Give all of the data again exactly as written, omitting every image.

======== RECORDS FOR THIS EXERCISE ========

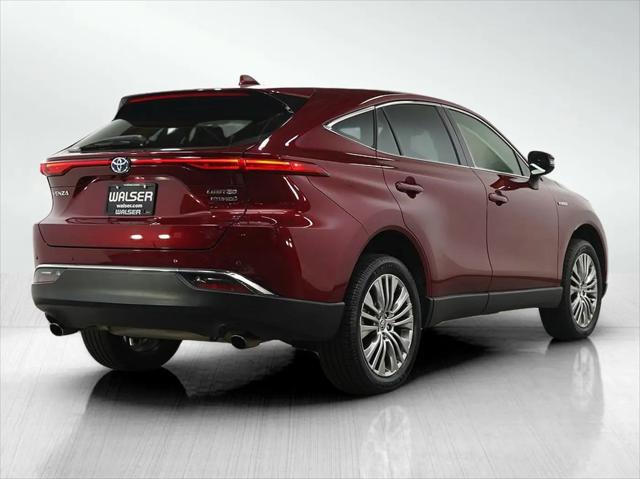 2021 Toyota Venza Limited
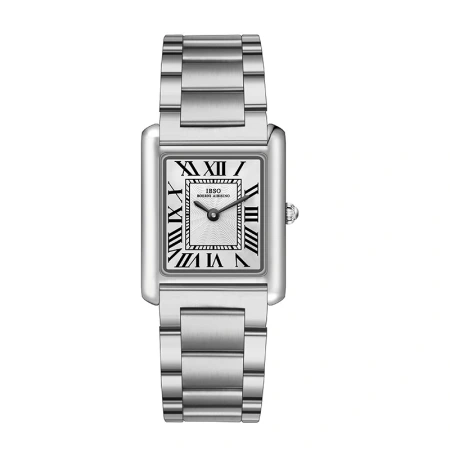 IBSO/ Aubisino Small Square Ladies' Watch 2023 New fashionable and light Luxury Watch, a niche and trendy steel watch IBSO/ Aubisino Small Square Ladies' Watch 2023 New fashionable and light Luxury Watch, a niche and trendy steel watch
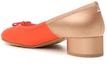 Shop (W) Maison Margiela Tabi ''Ballet Mode Orange Beige'' S39WZ0035PR189H7550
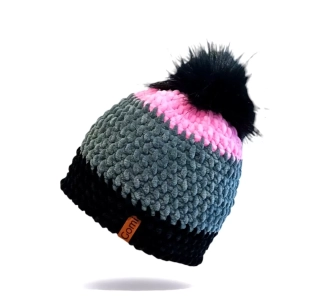 Háčkovaný kulich  JUTTY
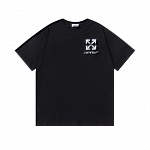 Off White Short Sleeve T Shirts For Men # 300429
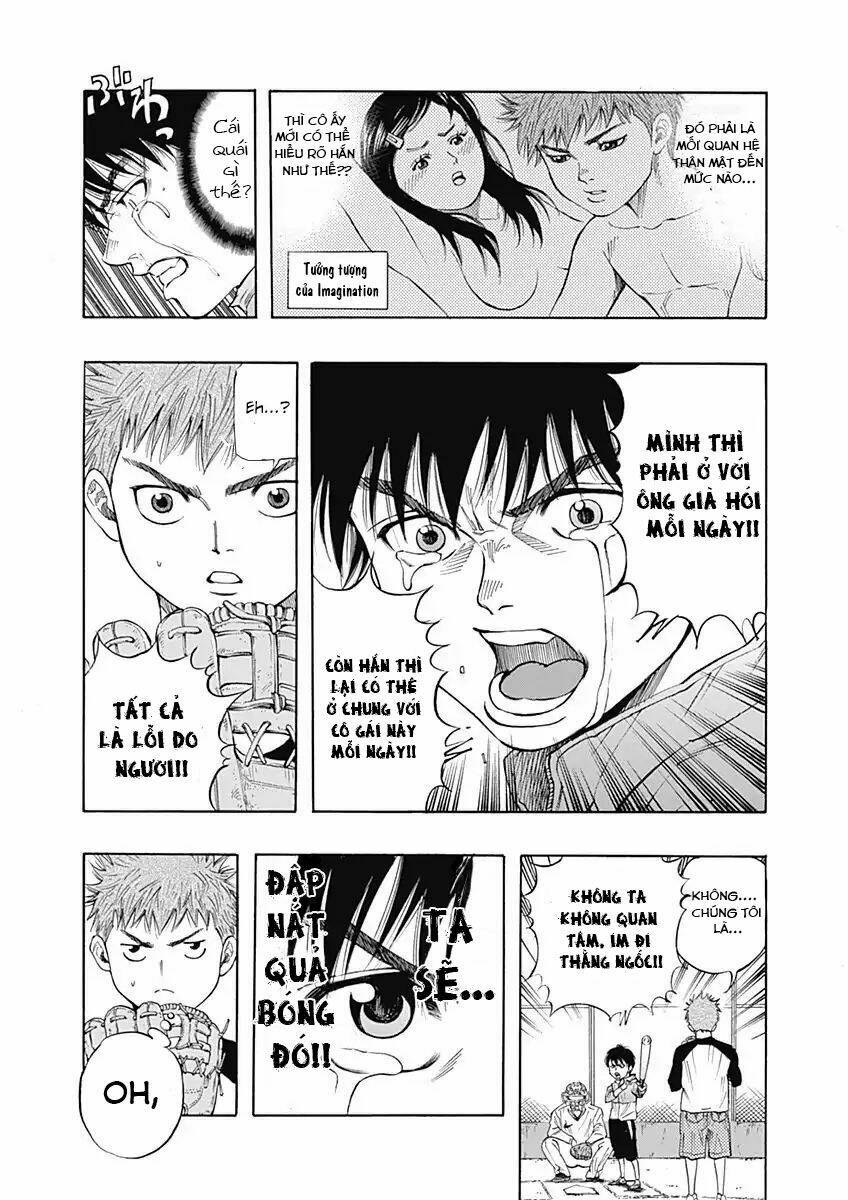 Bungo Chapter 1 - TC Truyện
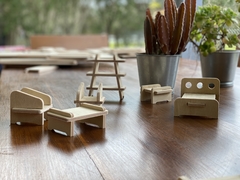 Set de muebles Clásico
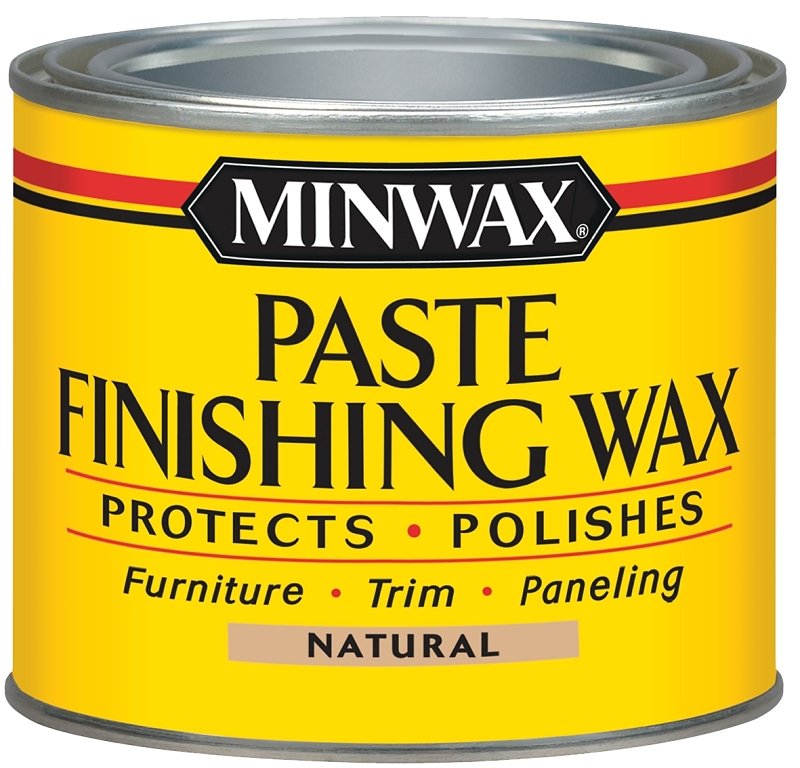 FINISHING WAX WOOD PASTE 1LB  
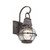 Elstead Lighting Elstead KL-BRIDGEPOINT-S Bridge Point Zinc Small Wall Lantern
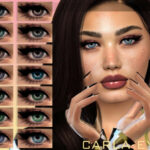 Carla Eyes N59 by MagicHand at TSR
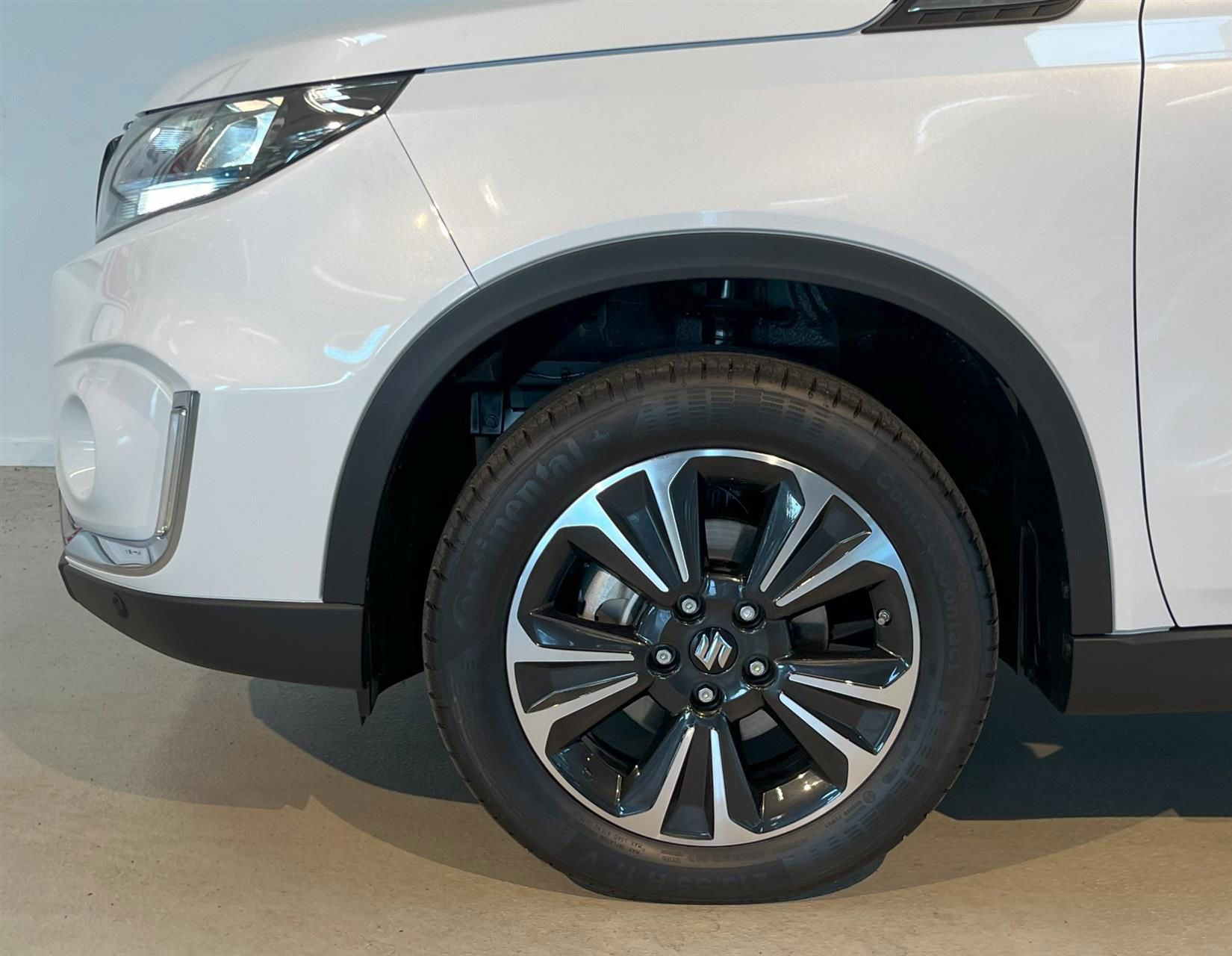 Billede af Suzuki Vitara 1,4 Boosterjet  Mild hybrid Adventure AEB 129HK 5d 6g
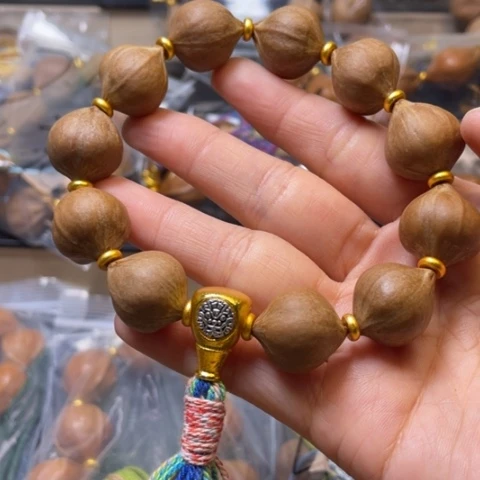 手串/手链橄榄核98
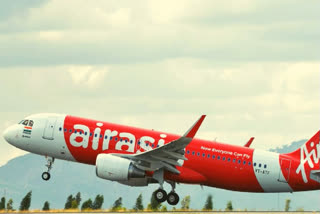 AirAsia India flight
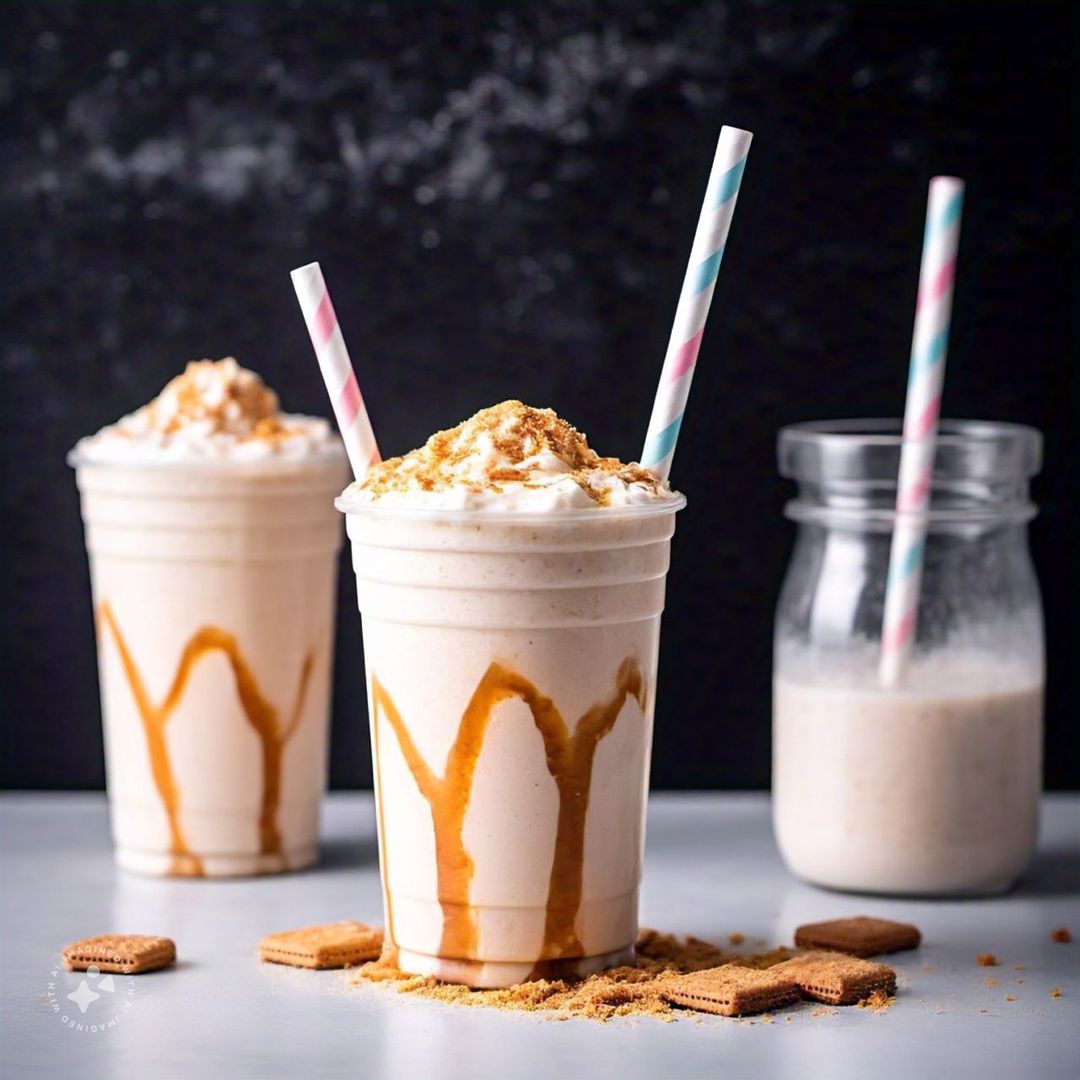 Biscoff Shake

========

** WRITTEN REPLY **
 2021 Toyota Venza Limited
 IBSO/ Aubisino Small Square Ladies' Watch 2023 New fashionable and light Luxury Watch, a niche and trendy steel watch IBSO/ Aubisino Small Square Ladies' Watch 2023 New fashionable and light Luxury Watch, a niche and trendy steel watch
 Shop (W) Maison Margiela Tabi ''Ballet Mode Orange Beige'' S39WZ0035PR189H7550
 Háčkovaný kulich  JUTTY
 Off White Short Sleeve T Shirts For Men # 300429
 Bungo Chapter 1 - TC Truyện
 Set de muebles Clásico
 FINISHING WAX WOOD PASTE 1LB  
 Elstead Lighting Elstead KL-BRIDGEPOINT-S Bridge Point Zinc Small Wall Lantern
 Carla Eyes N59 by MagicHand at TSR
 Billede af Suzuki Vitara 1,4 Boosterjet  Mild hybrid Adventure AEB 129HK 5d 6g
 手串/手链橄榄核98
 AirAsia India flight
 Biscoff Shake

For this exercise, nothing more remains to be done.